My Impossible Task in Making Oscar Nominee ‘Burma VJ’

How do you film the portrait of a regime if you are not allowed inside its country?

I was shocked, when I realized that I had forgotten about Burma. 

How could an entire country vanish from consciousness? The country’s military regime had an obvious interest in keeping the country closed and "forgotten," but how was it possible for them to succeed so well in today’s globalized society?

It was at the end of 2004, before the Saffron Revolution, before the cyclone and before an American decided to swim across a lake to visit Aung San Suu Kyi — events that caught the attention of world media. Jan Krogsgaard, a Danish video artist living in Asia, approached me with the idea to make a film about Burma, and I immediately knew that I had to.

We started developing the film, and Anders Østergaard, an established Danish documentary director, came on board. There were many touching human interest stories in the shape of refuges and victims of abuse, but we did not want to film "the results" of oppression — we wanted to focus on the oppression itself. 
But how to capture everyday oppression on film when nothing much happens and people are afraid to talk to you? And how do you make a portrait of a regime if you are not allowed inside its country?
Some six months into development, we learned that Democratic Voice of Burma (by then a radio station in exile) had received seed funding to start producing and broadcasting TV into Burma via satellite. They were to train undercover video journalists to make reportages from inside Burma. Their tapes would then be smuggled out of the country, sent to Oslo, edited, and broadcast back into Burma via satellite. 
For the first time, the Burmese people would be able to see reportages and news pieces about themselves that was not part of the regime’s propaganda machine. It was an intriguing thought. The journalists were central to fighting the military’s information lock down – and if we were able to cooperate with them, they could also be our eyes and ears inside the country.
To make a long story short: DVB agreed to cooperate with us, and we found a main character in the shape of a young journalist working with them. However, 18 months into the film’s development he had to emigrate — not an unusual fate for people working illegally — and we were back at square one. I did consider momentarily giving up but could not. 
So we started all over again, researching for a new main character.
The VJ’s (video journalists) have to work in very small units, because if one is caught, he will be tortured and eventually spill what he knows. Because of the risks the undercover journalists run every day, we had to meet them outside the country, and we had to develop a method by which our main character could be the point of identification, yet never be seen on screen. 
Meeting Joshua was a very decisive moment. He was so young, so bright, and so determined, and he wanted to work with us.

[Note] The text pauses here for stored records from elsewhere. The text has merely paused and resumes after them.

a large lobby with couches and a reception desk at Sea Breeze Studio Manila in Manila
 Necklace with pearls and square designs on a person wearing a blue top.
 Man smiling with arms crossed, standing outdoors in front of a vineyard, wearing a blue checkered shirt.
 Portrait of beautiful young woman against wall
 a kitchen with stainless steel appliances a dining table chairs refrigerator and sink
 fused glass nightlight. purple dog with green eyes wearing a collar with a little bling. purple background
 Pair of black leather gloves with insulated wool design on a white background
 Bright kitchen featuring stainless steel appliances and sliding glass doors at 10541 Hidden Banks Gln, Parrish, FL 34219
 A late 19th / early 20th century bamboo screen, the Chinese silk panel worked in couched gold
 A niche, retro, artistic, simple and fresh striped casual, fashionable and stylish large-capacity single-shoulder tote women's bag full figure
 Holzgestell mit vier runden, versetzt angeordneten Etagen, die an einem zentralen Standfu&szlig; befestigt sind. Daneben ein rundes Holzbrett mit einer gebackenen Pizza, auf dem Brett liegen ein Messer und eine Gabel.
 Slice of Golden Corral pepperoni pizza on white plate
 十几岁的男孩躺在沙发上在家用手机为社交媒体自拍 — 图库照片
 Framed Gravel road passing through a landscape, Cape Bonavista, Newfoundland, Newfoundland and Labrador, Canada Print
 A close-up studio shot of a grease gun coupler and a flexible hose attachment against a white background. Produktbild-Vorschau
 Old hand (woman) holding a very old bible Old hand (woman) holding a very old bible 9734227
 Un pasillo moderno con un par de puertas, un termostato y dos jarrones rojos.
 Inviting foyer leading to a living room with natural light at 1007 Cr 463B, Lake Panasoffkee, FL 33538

He was the perfect representative of the VJ’s, with his very unusual combination of extreme courage and extreme humility and patience. 
His primary motivation was to promote change by bringing his country out of oblivion, but at this point in early 2007, nothing out of the ordinary happened in Burma. The footage was scarce and not very poignant, so we focused on the existential question: What made Joshua (and other VJ’s) continue their hazardous work with no obvious result or reward?
Then in August 2007, after two shooting periods and a sense that this would be a short psychological portrait of a VJ, we suddenly sensed that something was about to happen in Burma and quickly adapted our strategies, rushed to raise more financing and planned a new shooting period — incidentally almost coinciding with the Saffron Revolution in late September 2007. 
These were extremely emotional days. History was happening in front of our eyes — but at what cost? Would the uprising be successful? What would happen to the VJ’s if not? How much would they be able to document?
The way the VJ’s operate is this: Every time they manage to secure a few minutes of footage, they take the tape out of the camera and hand it over to somebody else, who tries to smuggle it out of the country or upload it. Joshua had had to leave the country just before the uprising, and now coordinated the VJ’s from abroad and spread their material to CNN, BBC and other news channels around the world. His group was among the very last to be able to obtain and send material out of the country.
After the government’s crackdown, the network was in shambles with VJ’s imprisoned or in hiding, and footage scattered. Nobody had any kind of overview as to what footage had been captured, rescued, lost, or hidden. We searched for material in December and January with the help of DVB and the networks we had established. By the end of January, we had obtained roughly two hours of material and thought that it was all there was. So we decided to start the editing and planned one additional shooting period. 
A few weeks into editing, undercover material started trickling in from many different sources, and by the end of May, we suddenly had some 60 hours of material with no identifying info attached. We might get a 30-second clip in February which turned out to be a direct continuation of a 60-second clip we later received in May.
With the help of Google Earth, which has quite detailed images of Rangoon, our editor was able to identify the streets and houses in the various clips, and use the weather conditions, light, direction of the marching monks, the size of the crowd etc to meticulously reconstruct what actually happened and how the clips fit together.
Of course this completely ruined our post-production schedule and made our budget explode (again), but it also gave us a very strong feeling of obligation to continue, as we had become the only ones in the world with access to a comprehensive visual record of the Saffron Revolution and the ability to bring it out.
From a production point of view, the project was extremely challenging until the obligation to history and the creative and artistic aspirations for the film came together. It is immensely satisfying to know, that had we not been making this film, most of this completely unique material would have never seen the light of day.
The VJ’s were focused on delivering news clips to global media. Since the vast majority of clips from the Saffron Revolution did not surface until they had long lost their news value, most of the material would have been scrapped.
Just as the VJ’s have been an immense inspiration to us, they tell us that they have learned a lot from the way we work. When Burma VJ received the Grierson Award in the U.K. this autumn, some of the new VJ-recruits simultaneously were awarded the Rory Peck Feature Award for their film on the aftermath of Cyclone Nargis. Not only have they started working in new ways, they recently have received additional funding and political support.
When we started working on the film, there were some 25 journalists working undercover. When the Saffron Revolution ended, the network was in shambles, but one year after the release of the film, there are over 80 new undercover journalists working to keep Burma from oblivion.
 Our Burmese contacts tell us, that the Oscar nomination has refueled the motivations and resolve of the peace and freedom movement inside Burma, and that they feel that it is a recognition that will help draw attention to their cause. 
Let’s hope it will do just that.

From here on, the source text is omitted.